Keywords
brain tumor - tumor heterogeneity - glioma stem cell - genetics - epigenetics - microenvironment
Palavras-chave
tumor cerebral - heterogeneidade tumoral - células-tronco glioma - genética - epigenética
- microambiente
Introduction
Tumor heterogeneity means that different tumor cells lead to distinct morphological
and phenotypic lesions, with different cell morphology, gene expression, metabolism,
microenvironment, proliferation and possibility of metastatic lesions.
Malignant brain tumors have unsatisfactory results, despite advanced multimodal treatments
with neurosurgery, oncology and chemotherapy. In adults, glioblastoma multiforme (GBM)
is the most aggressive and most common malignant brain tumor, with a global survival
of patients of between 4 to 6 months without treatment, and of 14 months with multimodal
therapy.[1]
In addition, brain tumors represent the leading cause of mortality in children, with
medulloblastoma (MB) being the first cause.[2] Recently, transcriptional studies showed distinct molecular subgroups of MB, which
differ among themselves in demographic data, transcriptomes, genetics, and prognosis.
These studies not only established genetic subtypes, but also paved the way for the
pathogenesis of MB and the possibility of cerebellar stem cells precursors.[3]
[4]
The lack of adequate treatments for brain tumors can occur due to tumor heterogeneity,
which is controlled by at least two mechanisms that can be integrated through clonal
evolution and hierarchies, and by the hypothesis of carcinogenic stem cells.[5]
In the present study, we will analyze the possible integration of the genomics, epigenomics,
stem cell, chronic inflammation and microenvironment hypotheses of these brain tumors.
Clonal Evolution and Stem Cell Model
The clonal evolution model indicates that all cancerous cells can proliferate, change,
and regenerate due to random mutations, creating clonal subpopulations within the
tumor.[5]
On the other hand, the stem cell hypothesis proposes that cancers are hierarchically
organized, with cells with the same properties of stem cells at the apex of this organization.[5]
The two models can be integrative, and recent studies have defended the existence
of cancerous stem cells (CTCs) and have shown, in the laboratory, that these cells
have greater tumorigenic potential, and are potentially more resistant to radiation
and chemotherapy.[6]
[7]
Glioma Stem Cells
The GBM has several aspects, such as polymorphism and cellular heterogeneity, which
makes it an essential lesion for the research.

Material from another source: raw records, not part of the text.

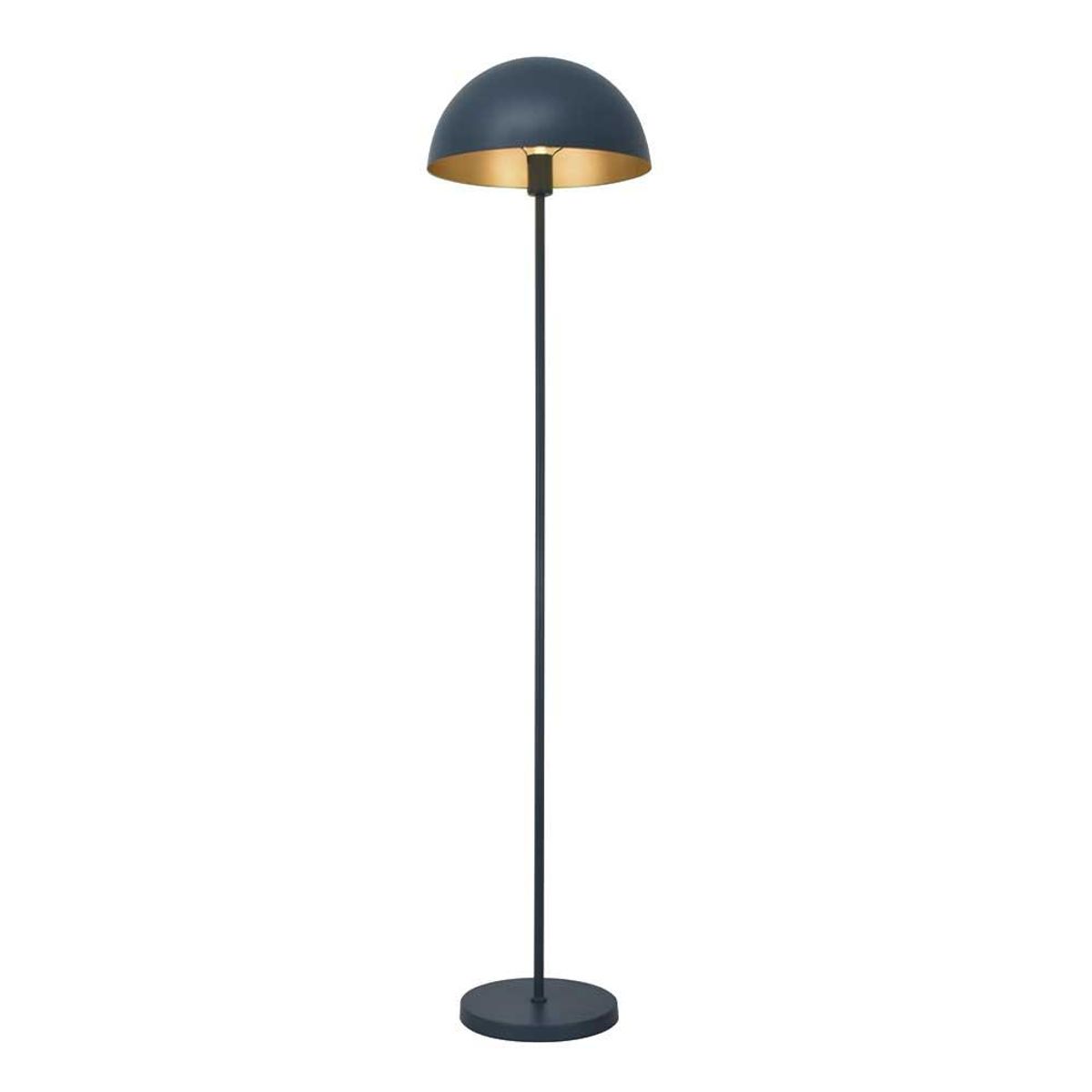 BP ILUMINACION - Lámpara de Pie Loar Azul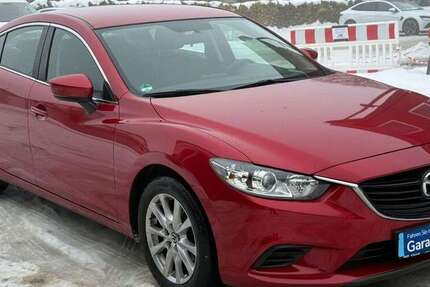 Mazda 6 65.000 km 19.390 &euro; Wentorf 21465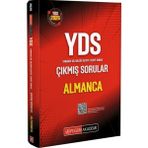 Anla Kazan Yayınları Pegem 2026 Yds Almanca Çıkmış Sorular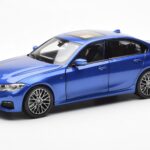 BMW 330i G20 Portimao Zils Metallic Norev 1:18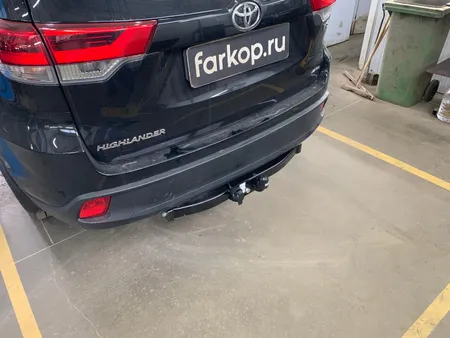 Фаркоп Oris для Toyota Highlander 2014-2020 Арт. 3088-F 3088-F в Набережные Челны
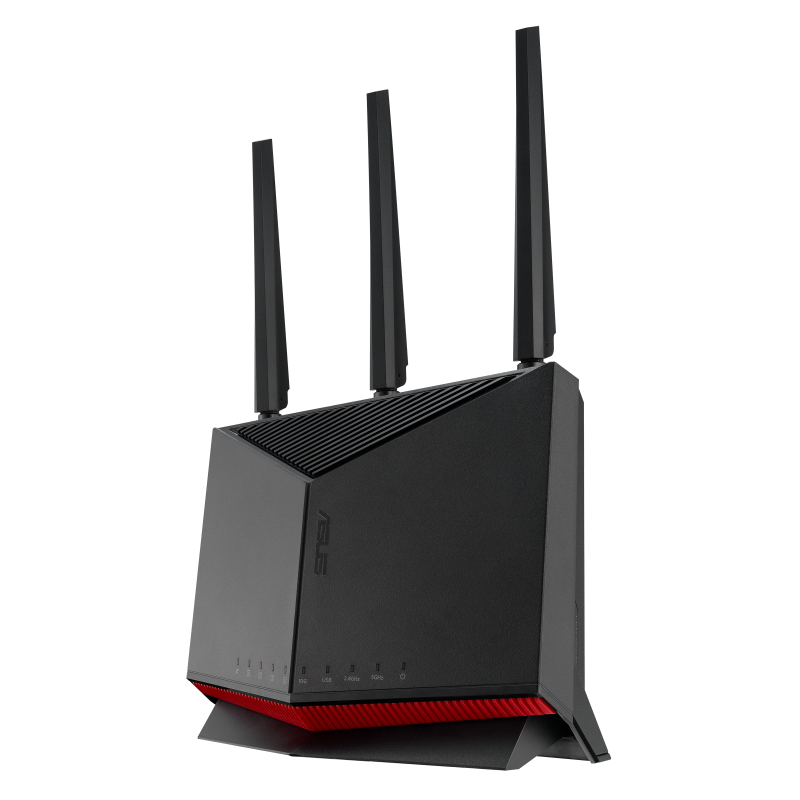 Asus RT-BE86U, Beyond-fast WiFi 7 (802.11be) router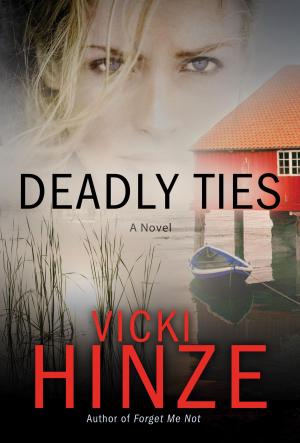 Cover of the book Deadly Ties by Kate Aeon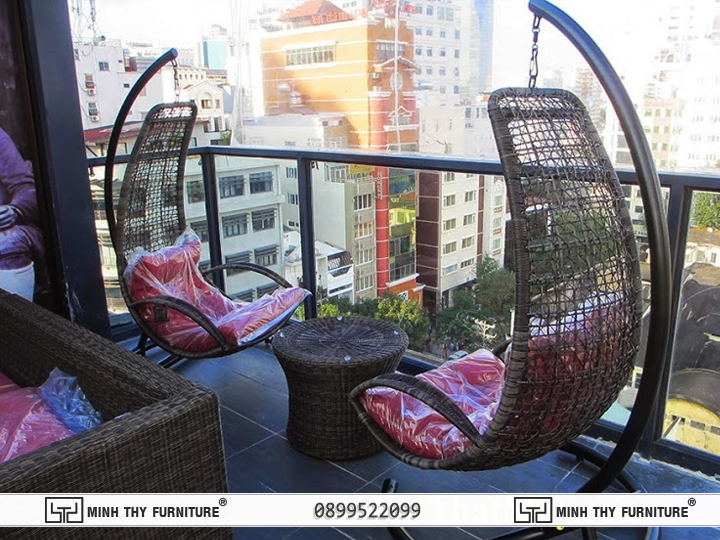 King Rooftop Coffee sofa nhua gia may 8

Glioblastoma multiforme CTCs (CTGs)
have similar characteristics to normal neural progenitors, such as self-renewal capacity,
long-term proliferation, and neurospheres formation. However, few studies describe
its ability for multiple nervous system cells (neurons, astrocytes and oligodendrocytes).[6]
The molecular signs that control tumor formation and maintenance are slightly similar
to normal progenitors, but differ in frequency, aberrant markers, and chromosomes.
Glioblastoma multiforme CTC has already been shown with surface marker of the CD133
stem cells; However, other surface markers are emerging, such as A2B5, CD15, and CD171.
There is evidence that not all CTGs present the classic marker CD133, but the genotypic
profile of the brain tumor differs among the patients and the surface markers may
also vary. In addition, the inflammation process during the course of the disease
is multiple, and CTG plays a key role in the maintenance and promotion of microenvironments
and niches.[6]
Microenvironment and Glioma Stem Cell Niches
Microenvironment and Glioma Stem Cell Niches
Vascular Niche
The CTGs are in specific anatomical-functional sites with direct contact between specific
cell types and extracellular matrix, as well as with cytokines and important factors
for renewal and proliferation. Interestingly, healthy neural cells, as well as the
CTGs, are also regulated by adhesion and by the vascular niche. In addition, they
promote angiogenesis through proangiogenic growth factors, such as vascular endothelial
growth factor (FCEV), endothelial migration and tube formation. Tumors with CD133+
have more necrosis, hemorrhages and are highly vascularized when compared with tumors
with CD133-.[8]
[9]
Similarly, the complexity between CTGs and endothelial cells is far from trivial.
Recent studies have shown that between 20 and 90% of endothelial cells within the
tumor present the same mutations present in GBMs, such as the epidermal growth factor
receptor (RFCE) and the alteration in chromosomes.[7]
[9]
Moreover, it was demonstrated that the CTGs cause a differentiation in the pericites,
thus maintaining the function of the vessel and the development of the tumor. They
also express several biological markers of pericites, such as the actin smooth muscle
α, NG2, CD248 and CD146, and are also endothelial cells recruiters via SDF-1/CXCR4.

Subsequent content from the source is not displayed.